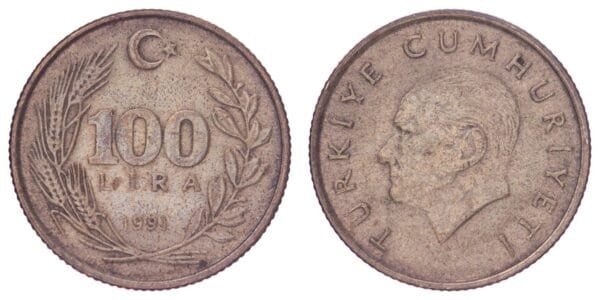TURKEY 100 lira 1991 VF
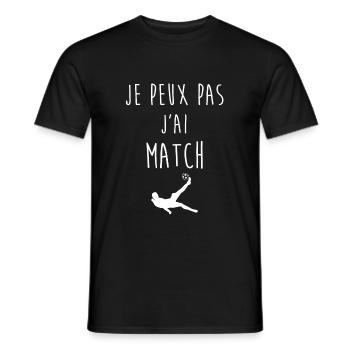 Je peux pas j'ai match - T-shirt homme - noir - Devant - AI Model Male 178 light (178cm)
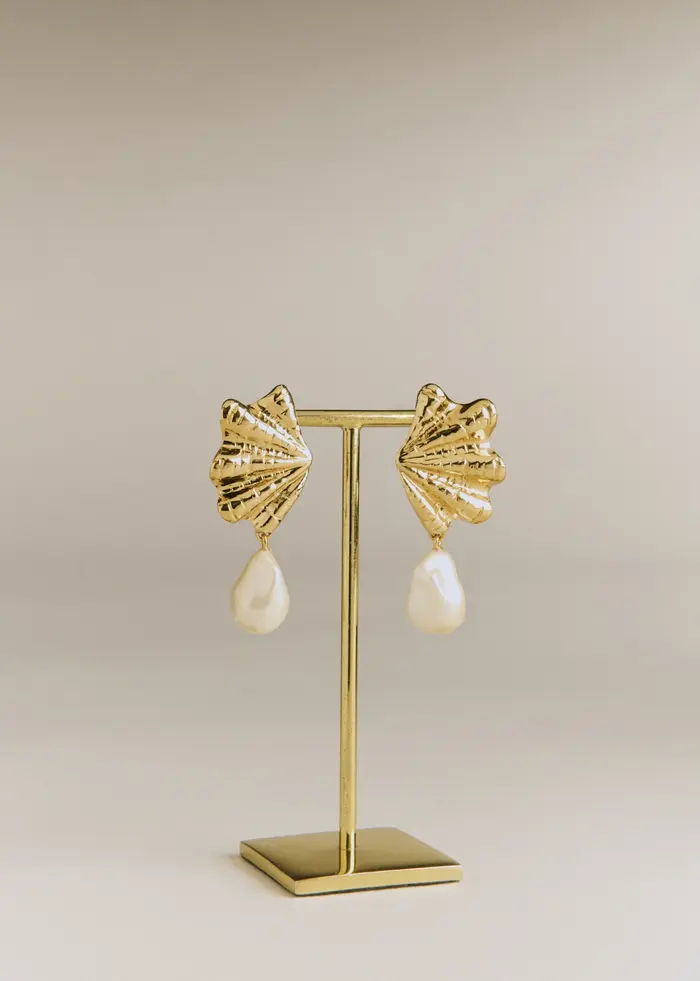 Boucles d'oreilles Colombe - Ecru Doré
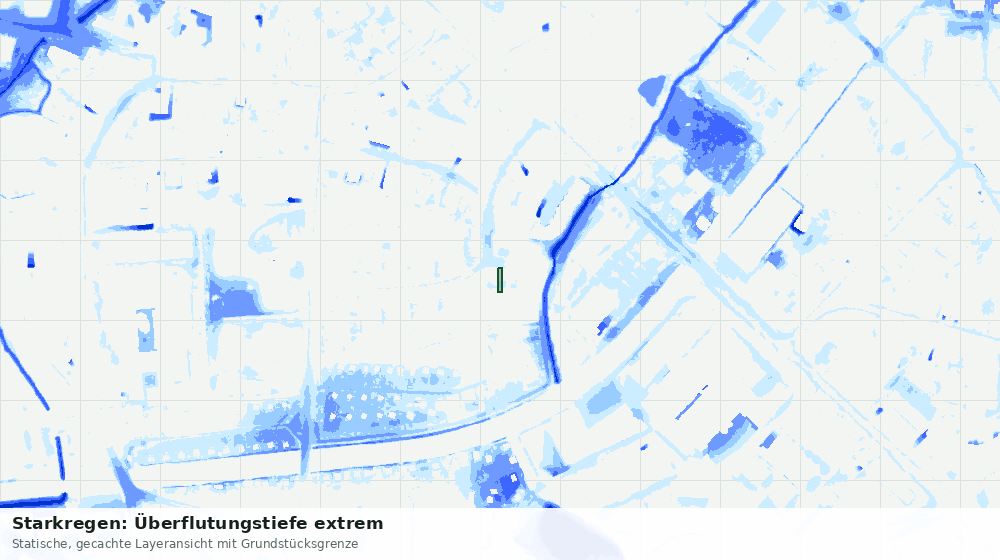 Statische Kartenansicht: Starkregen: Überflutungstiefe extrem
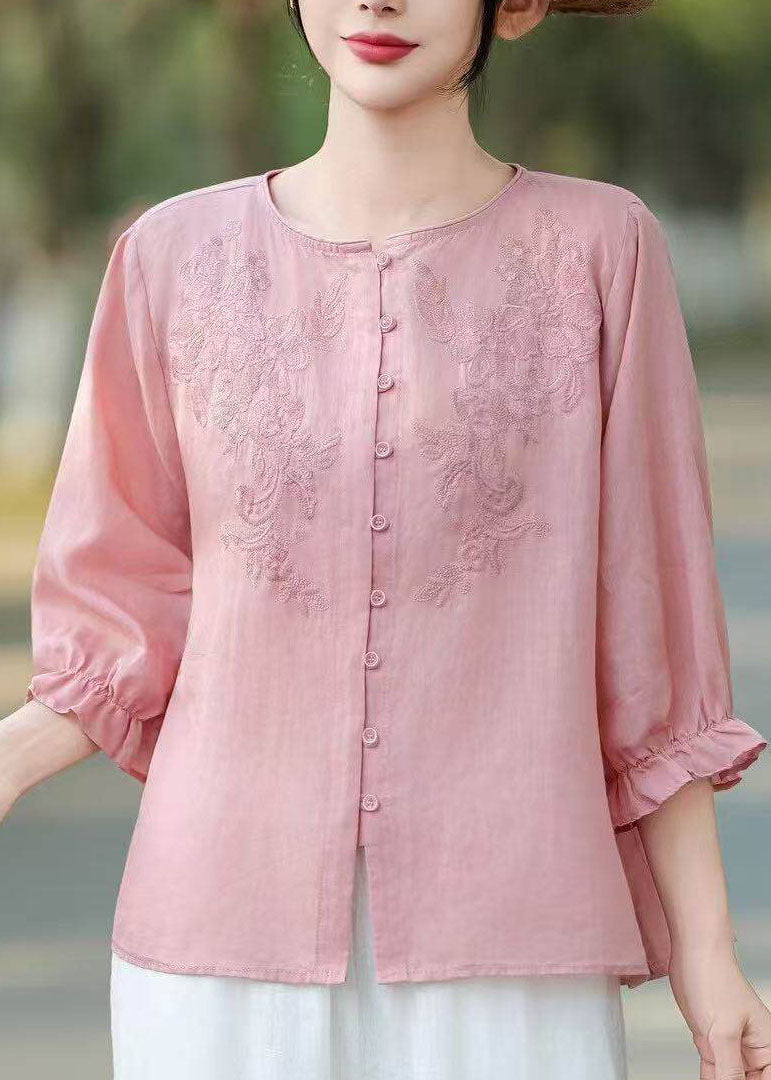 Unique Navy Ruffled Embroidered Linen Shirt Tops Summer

* * *

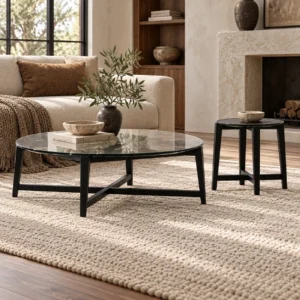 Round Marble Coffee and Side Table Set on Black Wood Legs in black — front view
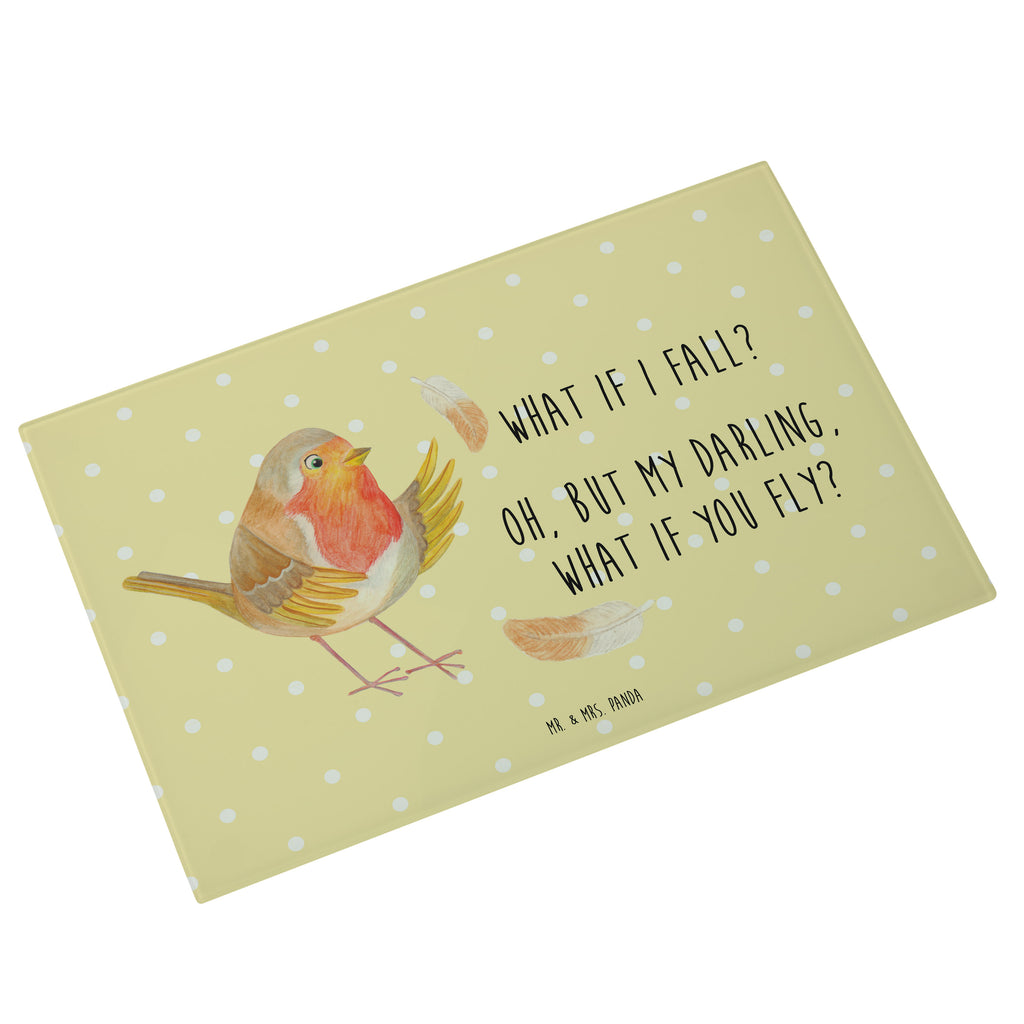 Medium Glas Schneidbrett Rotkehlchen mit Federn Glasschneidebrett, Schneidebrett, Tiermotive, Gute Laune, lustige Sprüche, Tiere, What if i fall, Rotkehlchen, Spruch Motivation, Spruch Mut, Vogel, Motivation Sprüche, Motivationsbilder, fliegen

» **Task details**
Beginning with the line holding "TURKEY 100 lira 1991 VF" in the material above, restate word for word each line through the line holding "Unique Navy Ruffled", and exclude pictures.

» **Response to this task**
TURKEY 100 lira 1991 VF
 Je peux pas j'ai match - T-shirt homme - noir - Devant - AI Model Male 178 light (178cm)
 Boucles d'oreilles Colombe - Ecru Doré
 Statische Kartenansicht: Starkregen: Überflutungstiefe extrem
 Unique Navy Ruffled Embroidered Linen Shirt Tops Summer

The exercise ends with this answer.